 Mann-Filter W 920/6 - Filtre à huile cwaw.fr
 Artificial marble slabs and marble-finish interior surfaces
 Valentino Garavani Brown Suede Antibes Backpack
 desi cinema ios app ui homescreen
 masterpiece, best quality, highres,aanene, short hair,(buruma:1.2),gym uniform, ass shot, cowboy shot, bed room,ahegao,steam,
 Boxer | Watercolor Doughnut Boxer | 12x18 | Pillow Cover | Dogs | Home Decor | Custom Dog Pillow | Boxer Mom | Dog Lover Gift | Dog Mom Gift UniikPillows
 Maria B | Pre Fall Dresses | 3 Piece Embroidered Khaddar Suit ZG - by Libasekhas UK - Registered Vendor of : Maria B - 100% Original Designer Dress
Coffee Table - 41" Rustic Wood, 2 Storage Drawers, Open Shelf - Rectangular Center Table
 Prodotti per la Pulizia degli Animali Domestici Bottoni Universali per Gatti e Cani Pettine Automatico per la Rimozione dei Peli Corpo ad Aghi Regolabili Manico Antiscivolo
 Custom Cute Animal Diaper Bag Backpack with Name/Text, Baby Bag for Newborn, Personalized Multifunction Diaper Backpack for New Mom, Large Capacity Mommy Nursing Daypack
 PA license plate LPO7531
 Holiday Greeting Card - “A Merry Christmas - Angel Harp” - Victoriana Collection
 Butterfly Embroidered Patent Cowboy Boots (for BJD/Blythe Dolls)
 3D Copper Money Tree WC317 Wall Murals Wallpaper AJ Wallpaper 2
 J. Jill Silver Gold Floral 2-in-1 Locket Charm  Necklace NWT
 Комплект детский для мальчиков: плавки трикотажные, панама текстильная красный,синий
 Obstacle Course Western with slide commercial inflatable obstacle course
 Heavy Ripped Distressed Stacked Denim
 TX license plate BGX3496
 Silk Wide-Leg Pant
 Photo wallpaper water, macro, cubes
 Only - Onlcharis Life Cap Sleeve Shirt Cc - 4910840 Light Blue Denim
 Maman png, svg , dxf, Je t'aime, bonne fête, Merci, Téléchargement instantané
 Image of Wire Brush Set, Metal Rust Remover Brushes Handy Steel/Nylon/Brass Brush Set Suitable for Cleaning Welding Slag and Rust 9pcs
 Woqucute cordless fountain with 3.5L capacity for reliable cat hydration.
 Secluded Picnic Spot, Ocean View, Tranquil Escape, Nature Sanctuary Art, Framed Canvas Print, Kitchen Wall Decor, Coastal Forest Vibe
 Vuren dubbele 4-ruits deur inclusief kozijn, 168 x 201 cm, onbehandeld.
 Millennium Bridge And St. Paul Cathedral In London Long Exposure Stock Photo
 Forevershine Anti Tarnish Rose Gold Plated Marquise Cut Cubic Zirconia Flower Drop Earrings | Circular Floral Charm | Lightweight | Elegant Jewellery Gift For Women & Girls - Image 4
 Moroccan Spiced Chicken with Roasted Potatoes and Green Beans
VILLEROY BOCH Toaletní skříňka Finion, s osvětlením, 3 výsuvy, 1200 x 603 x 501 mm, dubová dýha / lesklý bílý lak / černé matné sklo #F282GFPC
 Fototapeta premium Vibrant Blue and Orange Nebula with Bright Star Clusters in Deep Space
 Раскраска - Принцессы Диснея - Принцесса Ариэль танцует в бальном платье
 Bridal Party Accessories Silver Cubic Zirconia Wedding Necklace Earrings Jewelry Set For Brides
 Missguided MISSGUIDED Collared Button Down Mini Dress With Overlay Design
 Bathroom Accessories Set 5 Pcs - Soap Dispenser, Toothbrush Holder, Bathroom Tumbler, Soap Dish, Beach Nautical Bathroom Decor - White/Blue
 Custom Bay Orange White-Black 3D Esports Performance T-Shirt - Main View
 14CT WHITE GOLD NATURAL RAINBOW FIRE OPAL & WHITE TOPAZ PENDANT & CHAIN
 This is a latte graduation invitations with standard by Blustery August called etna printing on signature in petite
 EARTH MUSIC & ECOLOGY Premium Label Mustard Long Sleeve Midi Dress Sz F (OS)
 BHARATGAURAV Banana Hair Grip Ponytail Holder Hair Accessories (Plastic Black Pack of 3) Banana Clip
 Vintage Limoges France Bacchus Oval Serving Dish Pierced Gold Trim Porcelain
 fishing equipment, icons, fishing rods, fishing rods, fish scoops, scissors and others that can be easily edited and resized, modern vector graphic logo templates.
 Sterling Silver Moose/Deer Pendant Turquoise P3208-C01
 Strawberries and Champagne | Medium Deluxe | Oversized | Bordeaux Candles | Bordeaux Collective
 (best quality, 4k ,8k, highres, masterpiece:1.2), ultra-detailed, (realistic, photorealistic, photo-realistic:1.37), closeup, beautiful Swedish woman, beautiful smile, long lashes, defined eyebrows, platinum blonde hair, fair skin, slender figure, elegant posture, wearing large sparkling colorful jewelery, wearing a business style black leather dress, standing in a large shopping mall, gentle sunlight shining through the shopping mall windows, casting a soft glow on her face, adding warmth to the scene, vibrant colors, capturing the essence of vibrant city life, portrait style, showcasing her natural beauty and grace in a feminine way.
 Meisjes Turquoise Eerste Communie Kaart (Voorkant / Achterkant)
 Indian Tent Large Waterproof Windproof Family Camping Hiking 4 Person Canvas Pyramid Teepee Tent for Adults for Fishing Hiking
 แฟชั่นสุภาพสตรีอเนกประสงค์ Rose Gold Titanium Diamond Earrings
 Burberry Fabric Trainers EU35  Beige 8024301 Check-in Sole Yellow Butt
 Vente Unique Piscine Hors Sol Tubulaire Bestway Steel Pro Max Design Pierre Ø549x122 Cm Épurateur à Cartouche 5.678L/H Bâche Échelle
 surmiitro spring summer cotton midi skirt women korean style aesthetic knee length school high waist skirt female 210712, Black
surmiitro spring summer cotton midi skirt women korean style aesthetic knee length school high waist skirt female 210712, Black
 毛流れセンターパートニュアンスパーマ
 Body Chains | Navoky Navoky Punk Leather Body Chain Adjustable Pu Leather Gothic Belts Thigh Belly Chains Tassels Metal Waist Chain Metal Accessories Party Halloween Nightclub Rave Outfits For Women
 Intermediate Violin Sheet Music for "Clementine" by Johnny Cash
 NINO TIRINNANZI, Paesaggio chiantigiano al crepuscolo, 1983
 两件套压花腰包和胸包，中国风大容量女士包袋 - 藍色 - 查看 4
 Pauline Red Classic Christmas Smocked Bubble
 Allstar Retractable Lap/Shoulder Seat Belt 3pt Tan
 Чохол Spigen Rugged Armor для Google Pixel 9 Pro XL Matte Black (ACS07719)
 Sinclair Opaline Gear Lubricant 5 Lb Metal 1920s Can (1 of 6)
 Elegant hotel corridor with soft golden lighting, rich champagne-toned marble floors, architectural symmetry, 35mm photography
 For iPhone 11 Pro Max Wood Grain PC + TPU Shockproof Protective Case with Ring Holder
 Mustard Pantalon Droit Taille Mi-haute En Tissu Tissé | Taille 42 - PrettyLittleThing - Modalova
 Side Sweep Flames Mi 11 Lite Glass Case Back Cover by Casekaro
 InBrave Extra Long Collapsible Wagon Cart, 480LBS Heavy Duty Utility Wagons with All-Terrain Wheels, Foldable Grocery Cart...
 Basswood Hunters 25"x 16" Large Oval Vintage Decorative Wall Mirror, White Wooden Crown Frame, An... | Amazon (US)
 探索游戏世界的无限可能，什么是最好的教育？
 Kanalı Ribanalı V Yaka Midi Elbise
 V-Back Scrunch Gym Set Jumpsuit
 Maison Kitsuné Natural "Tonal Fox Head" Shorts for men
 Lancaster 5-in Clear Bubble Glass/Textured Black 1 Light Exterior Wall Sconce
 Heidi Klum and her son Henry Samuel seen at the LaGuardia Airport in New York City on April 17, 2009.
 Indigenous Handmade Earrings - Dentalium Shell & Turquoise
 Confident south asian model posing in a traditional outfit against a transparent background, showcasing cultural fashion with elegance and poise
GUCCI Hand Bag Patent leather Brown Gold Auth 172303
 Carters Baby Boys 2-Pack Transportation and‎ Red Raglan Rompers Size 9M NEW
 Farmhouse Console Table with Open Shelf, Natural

#### [Problem requirements]
Would you quote everything above from the line containing "Bridal Party Accessories" down to the line containing "Sterling Silver Moose/Deer"? Include both of those lines and nothing else.

#### [Output below]
 Bridal Party Accessories Silver Cubic Zirconia Wedding Necklace Earrings Jewelry Set For Brides
 Missguided MISSGUIDED Collared Button Down Mini Dress With Overlay Design
 Bathroom Accessories Set 5 Pcs - Soap Dispenser, Toothbrush Holder, Bathroom Tumbler, Soap Dish, Beach Nautical Bathroom Decor - White/Blue
 Custom Bay Orange White-Black 3D Esports Performance T-Shirt - Main View
 14CT WHITE GOLD NATURAL RAINBOW FIRE OPAL & WHITE TOPAZ PENDANT & CHAIN
 This is a latte graduation invitations with standard by Blustery August called etna printing on signature in petite
 EARTH MUSIC & ECOLOGY Premium Label Mustard Long Sleeve Midi Dress Sz F (OS)
 BHARATGAURAV Banana Hair Grip Ponytail Holder Hair Accessories (Plastic Black Pack of 3) Banana Clip
 Vintage Limoges France Bacchus Oval Serving Dish Pierced Gold Trim Porcelain
 fishing equipment, icons, fishing rods, fishing rods, fish scoops, scissors and others that can be easily edited and resized, modern vector graphic logo templates.
 Sterling Silver Moose/Deer Pendant Turquoise P3208-C01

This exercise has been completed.